Daily Sun source also revealed that the same MD allocated shares to a local airline to the tune of N18 billion as corporate investments. The airline, the source said, denied knowledge of the deal. The bank MD is also alleged to have invested N12 billion depositors’ funds in a supposed subsidiary of the bank.
The source said the company was found to be the MD’s private firm. The conclusion of the latest audit has already sparked fear in the financial sector. The CBN examiners were said to have concentrated on liquidity; loan verification such as loans to stockbrokers, petroleum products importers, performing and non performing loans; corporate governance issues; processes and resources spent on information technology.
The funding is contrary to CBN Governor, Mallam Sanusi Lamido’s conclusion that the remaining banks were not as bad as the others.
According to him, he did not expect many surprises as the remaining 14 banks were not significantly different but latest development had proven him wrong.
It was gathered that the apex bank was yet to conduct what they described as forensic accounting investigation on any of the 24 banks in the country.
The managing director of at least one bank has reportedly visited the State Security Service (SSS), to deposit his passport. This is to prevent him from travelling abroad.
Bankers are of the view that two or three banks may be affected by the decision of Mallam Lamido not to allow family banks in the country anymore.
The CBN governor’s policy to end family owned banks, the bankers believed, may be partly responsible for the fate of Oceanic Bank and Intercontinental Bank, seen as being dominated by the personality of their managing directors.
Sanusi at a forum on Wednesday while briefing capital market operators warned that CBN would not allow banks to be run as a sole proprietorship but as institutions that would imbibe the tenets of good corporate governance, promising to treat shareholders of the affected banks fairly and also ensure that, henceforth, banks in the country were run as institutions rather than as sole proprietorships.
Sanusi also allayed fears of nationalizing the five troubled banks whose managing directors and executive directors were sacked following their gross misuse of shareholders’ funds and inability to meet up with other banking statutory obligations.

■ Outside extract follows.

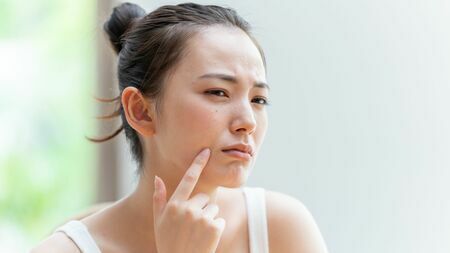 ニキビを治そうと思った女子大生を襲った悲劇とは……（写真：Taka／PIXTA）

The governor said the results of the remaining banks would be made known in October 2009, but opined that their results would be better than those of the 10 banks examined earlier from which five were summarily sacked.
The CBN governor had on August 14 sacked the managing director of and executive directors of Afribank Plc, Finbank Plc, Intercontinental Bank Plc, Oceanic Bank Plc and Union Bank Plc. The examination was conducted by a joint team of CBN and NDIC officials.
According to the CBN audit the major findings on the five banks were excessive high-level non-performing loans, which led to poor corporate governance practices, lax credit administration processes and the absence or non-adherence to the bank’s credit risk management practices, leaving the percentage of non-performing loans from 19 per cent to 48 per cent. The five banks will, therefore, need to make additional provision of N539.09 billion.
The total loan portfolio of these five banks was N2, 801.92 billion. Margin loans amounted to N456.28 billion and exposure to oil and gas was N487.02 billion. Aggregate of non-performing loans were N1,143 billion representing 40.81 per cent. The five banks accounted for a disproportionate component of the total exposure to capital market and oil and gas, thus reflecting heavy concentration to high risk areas relative to other banks in the industry.
The five banks were either perennial net-takers of funds in the inter-bank market or enjoyed liquidity support from the CBN for long periods of time, a clear evidence of liquidity problem. In other words, these banks were unable to meet their maturing obligations as they fall due without resorting to the CBN or the inter-bank market.
Further checks revealed that the outstanding balance on the EDW of the five banks amounted to N127.85 billion by end July 2009, representing 89.81 per cent of the total industry exposure to the CBN on its discount window while their net guaranteed inter-bank takings stood at N253.30 billion as at August 2, 2009. Their liquidity ratios ranged from 17.65 per cent to 24 per cent as at May 31, 2009. The banking regulatory minimum is 25 per cent as spelt out by the apex bank.